On en rêve ! Les Suisses l’ont fait. Il faut dire que, comme les anglais, se sont de mauvais européens, pas dans lUnion pour les Suisses et même pas dans l’euro. L’initiative populaire du 9 février dite « contre l’immigration de masse » doit son existence à l’Union démocratique du centre (UDC). Cette initiative populaire permet à 100.000 citoyens réunis de proposer une modification de la loi. Le texte soumis au vote suggérait que la Suisse « gère de manière autonome l’immigration des étrangers ». Des « plafonds et contingents annuels » devront déterminer le nombre d’autorisations délivrées.

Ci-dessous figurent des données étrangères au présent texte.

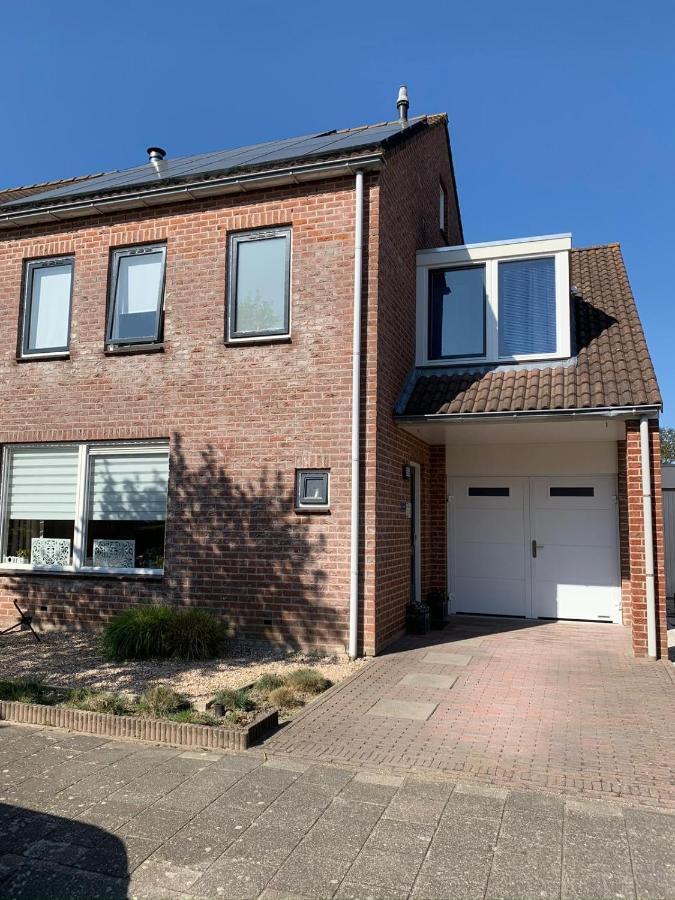 Lise'S Place Vrouwenpolder Exterior photo
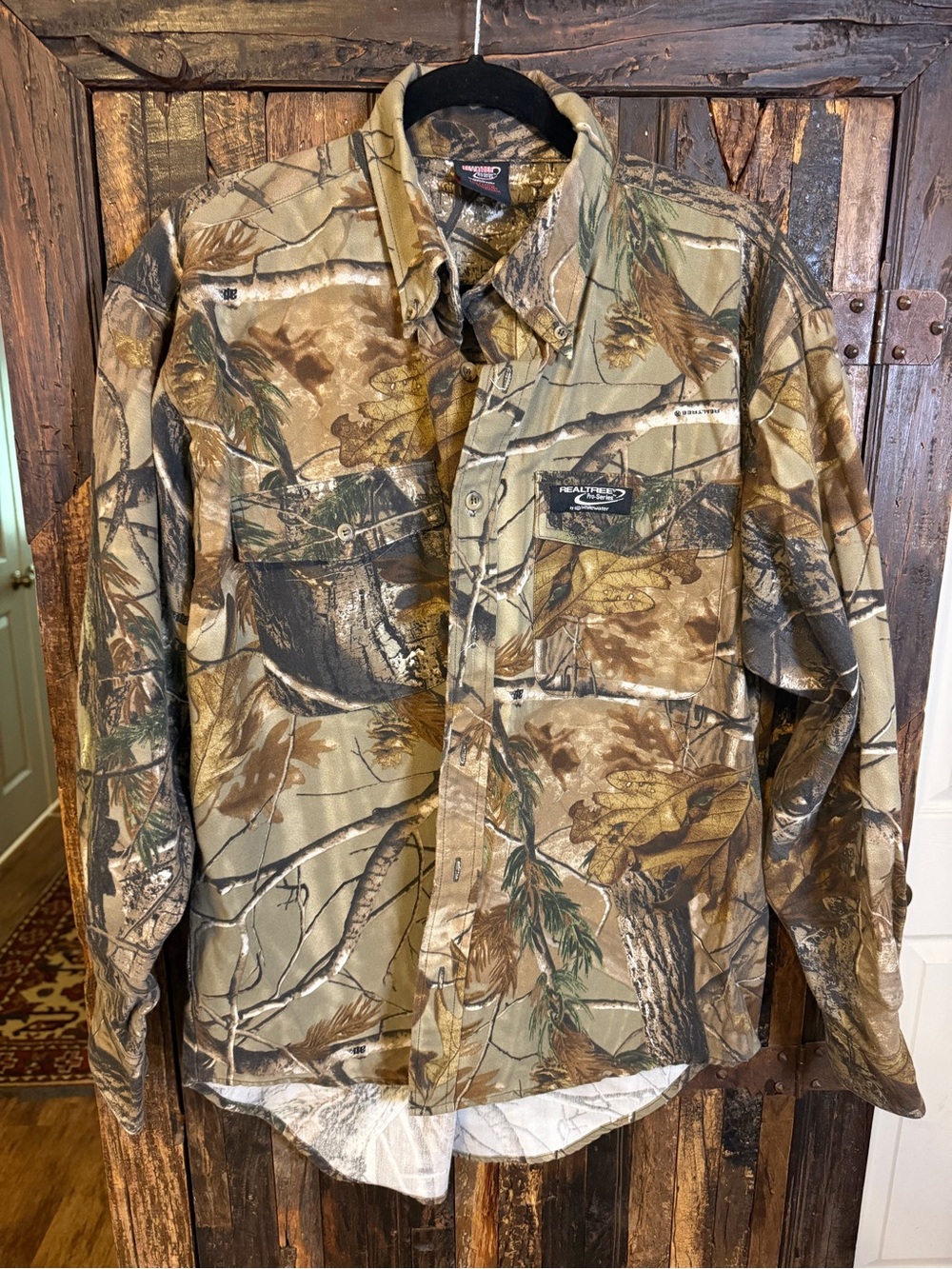 Realtree Pro Series Whitewater Camo Hunting Shirt Men M Long Sleeve hardwood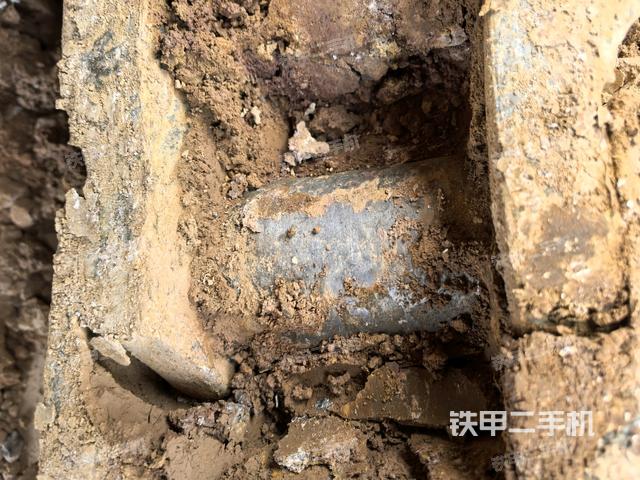 左驅(qū)動(dòng)輪（行走機(jī)構(gòu)）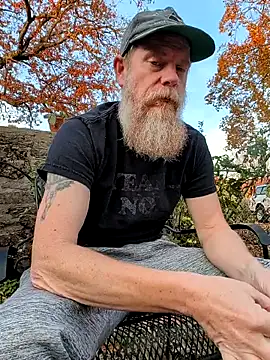 sizableunicorn7 online show from 11/06/25, 10:36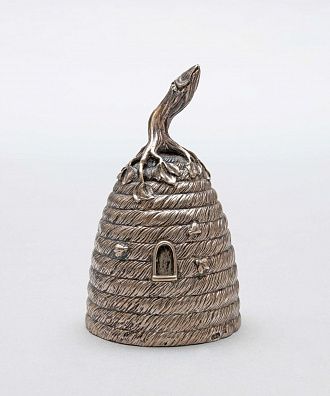Колокольчик в виде улья. Россия, Санкт-Петербург, мастер "BYW", 1875-1890 годы.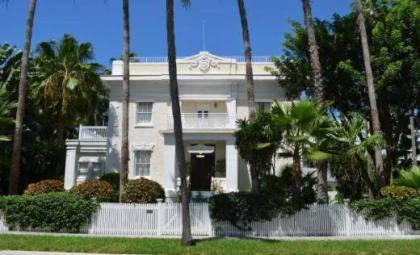 Weatherstation Inn Circa 1911 Key West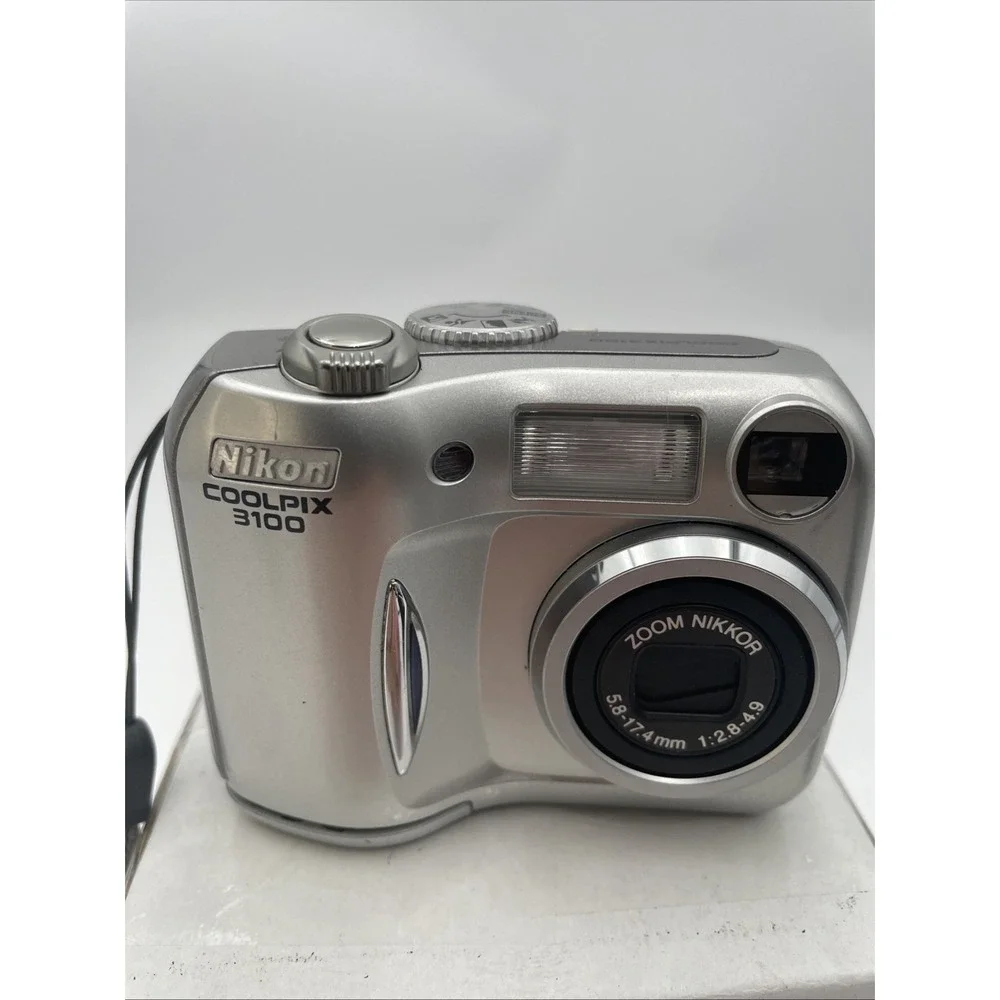 Nikon COOLPIX 3100 3.2MP Digital Camera 3X Optical Zoom +Battery+SD Card+Case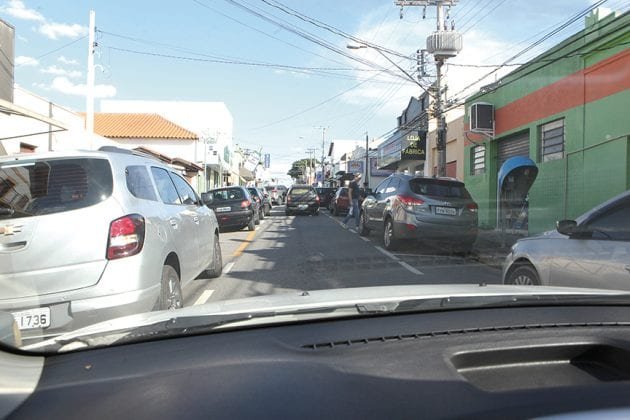 Comerciantes Da Rua 9 De Julho Aprovam Mudan a De Sentido Da Via 
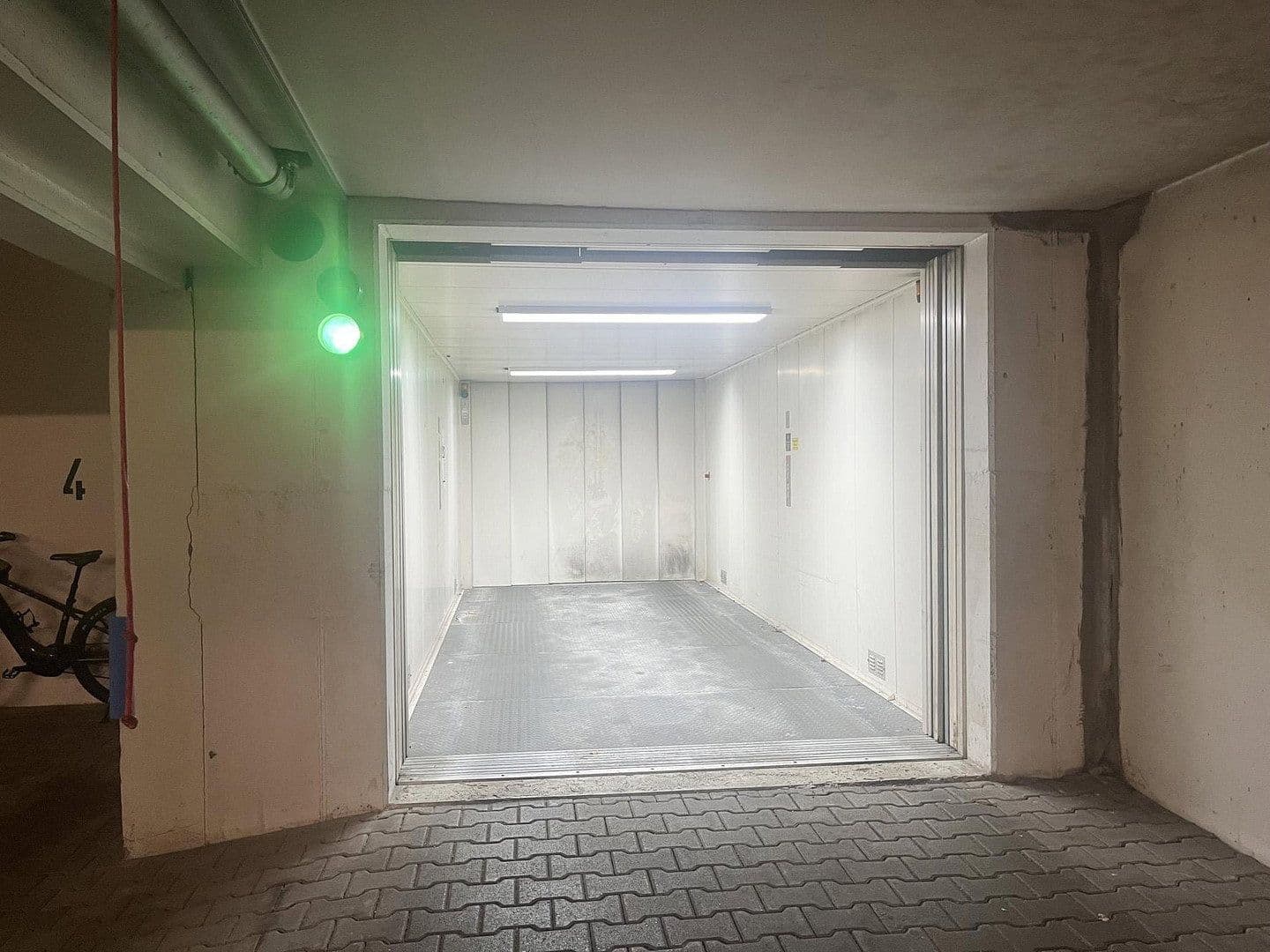 garage for sale, 0 m², Bad Reichenhall, Bavaria garage for sale, 0 m², Bad Reichenhall, Bavaria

Ceux-ci seront fixés « en fonction des intérêts économiques globaux de la Suisse et dans le respect du principe de préférence nationale » et l’étude d’une demande d’autorisation de séjour prendra particulièrement en compte « la demande d’un employeur, la capacité d’intégration (du demandeur) et une source de revenus suffisante et autonome ». Enfin, « aucun traité international contraire (…) ne sera conclu », conclut la proposition.
« Le peuple est souverain (…) le système est sain qui n’oblige pas la population à suivre des autorités politiques qui auraient des compétences démesurées », a estimé celui qui assure la présidence tournante de la Confédération, Didier Burkhalter. Il a admis qu’il s’agissait d’un désaveu par les Suisses de la politique du gouvernement. Il compte se rendre dans les capitales européennes pour expliquer le vote et son premier rendez-vous sera à Berlin, principal partenaire économique de la Suisse, a-t-il annoncé. M. Burkhalter a aussi mis en garde les dirigeants européens, estimant que ce rejet de certaines conséquences de l’immigration « n’est pas une spécificité suisse, on le rencontre dans d’autres pays qui n’ont pas l’occasion de l’exprimer » comme en Suisse.
Le ministre allemand des Finances Wolfgang Schäuble a estimé que le vote allait « créer de nombreuses difficultés pour la Suisse dans beaucoup de domaines ». L’UDC, de son côté, s’est évidemment réjouie. « Nous avons gardé notre indépendance », a déclaré en son nom Christoph Blocher, ajoutant que le peuple suisse a dit « non » à la libre-circulation. L’initiative remet notamment en cause les accords de libre circulation conclus avec l’Union européenne (UE) et l’Association européenne de libre-échange (AELE), donnant aux citoyens des Etats membres de ces organisations un accès libre au marché du travail suisse. Ces accords devraient être renégociés.
La Suisse sera peut être l’objet de représailles, mais comme ils disent aux européens, « faites chez vous ce que nous avons fait et on reparlera après ». Pour cela il faudrait que l’Union européenne soit une démocratie qui accepte la volonté du peuple. Si c’était le cas, cela se saurait.